**EXERCISE**
For this exercise, return the line containing "Katharine Hepburn e" and every line after it through the end of the records below, without alteration.

**RECORDS FOR THIS EXERCISE**
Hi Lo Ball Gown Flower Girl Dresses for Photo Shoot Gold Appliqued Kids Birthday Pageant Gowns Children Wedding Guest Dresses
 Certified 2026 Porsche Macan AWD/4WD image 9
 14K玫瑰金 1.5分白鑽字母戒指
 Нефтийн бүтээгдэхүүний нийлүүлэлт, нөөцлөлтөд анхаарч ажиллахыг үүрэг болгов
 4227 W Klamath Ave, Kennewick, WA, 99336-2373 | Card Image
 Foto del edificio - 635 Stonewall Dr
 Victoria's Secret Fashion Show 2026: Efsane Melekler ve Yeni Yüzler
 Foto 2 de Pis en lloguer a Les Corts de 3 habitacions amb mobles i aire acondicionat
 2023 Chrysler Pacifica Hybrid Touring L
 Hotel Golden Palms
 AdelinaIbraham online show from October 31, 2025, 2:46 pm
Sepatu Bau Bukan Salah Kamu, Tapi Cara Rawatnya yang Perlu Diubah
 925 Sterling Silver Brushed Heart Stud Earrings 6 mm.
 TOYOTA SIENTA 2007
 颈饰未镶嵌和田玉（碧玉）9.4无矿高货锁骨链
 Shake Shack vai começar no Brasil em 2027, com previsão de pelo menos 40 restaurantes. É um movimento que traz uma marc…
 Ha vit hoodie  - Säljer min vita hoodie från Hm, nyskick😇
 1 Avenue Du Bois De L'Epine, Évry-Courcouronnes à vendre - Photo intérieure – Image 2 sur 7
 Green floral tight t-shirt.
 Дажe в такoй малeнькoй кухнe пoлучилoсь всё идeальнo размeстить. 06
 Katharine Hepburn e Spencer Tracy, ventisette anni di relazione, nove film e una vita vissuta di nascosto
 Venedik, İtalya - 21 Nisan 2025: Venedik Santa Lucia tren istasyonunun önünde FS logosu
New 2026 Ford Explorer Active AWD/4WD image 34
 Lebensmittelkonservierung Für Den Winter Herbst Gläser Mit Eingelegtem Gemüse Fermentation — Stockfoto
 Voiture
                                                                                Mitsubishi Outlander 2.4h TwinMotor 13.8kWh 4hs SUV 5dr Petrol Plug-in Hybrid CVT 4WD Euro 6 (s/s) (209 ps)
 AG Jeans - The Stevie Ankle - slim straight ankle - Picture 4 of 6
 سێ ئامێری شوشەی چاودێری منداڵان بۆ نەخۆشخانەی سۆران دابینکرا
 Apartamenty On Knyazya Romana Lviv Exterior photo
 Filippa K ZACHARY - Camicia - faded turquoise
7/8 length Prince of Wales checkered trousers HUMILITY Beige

**RESPONSE TO THIS EXERCISE**
 Katharine Hepburn e Spencer Tracy, ventisette anni di relazione, nove film e una vita vissuta di nascosto
 Venedik, İtalya - 21 Nisan 2025: Venedik Santa Lucia tren istasyonunun önünde FS logosu
New 2026 Ford Explorer Active AWD/4WD image 34
 Lebensmittelkonservierung Für Den Winter Herbst Gläser Mit Eingelegtem Gemüse Fermentation — Stockfoto
 Voiture
                                                                                Mitsubishi Outlander 2.4h TwinMotor 13.8kWh 4hs SUV 5dr Petrol Plug-in Hybrid CVT 4WD Euro 6 (s/s) (209 ps)
 AG Jeans - The Stevie Ankle - slim straight ankle - Picture 4 of 6
 سێ ئامێری شوشەی چاودێری منداڵان بۆ نەخۆشخانەی سۆران دابینکرا
 Apartamenty On Knyazya Romana Lviv Exterior photo
 Filippa K ZACHARY - Camicia - faded turquoise
7/8 length Prince of Wales checkered trousers HUMILITY Beige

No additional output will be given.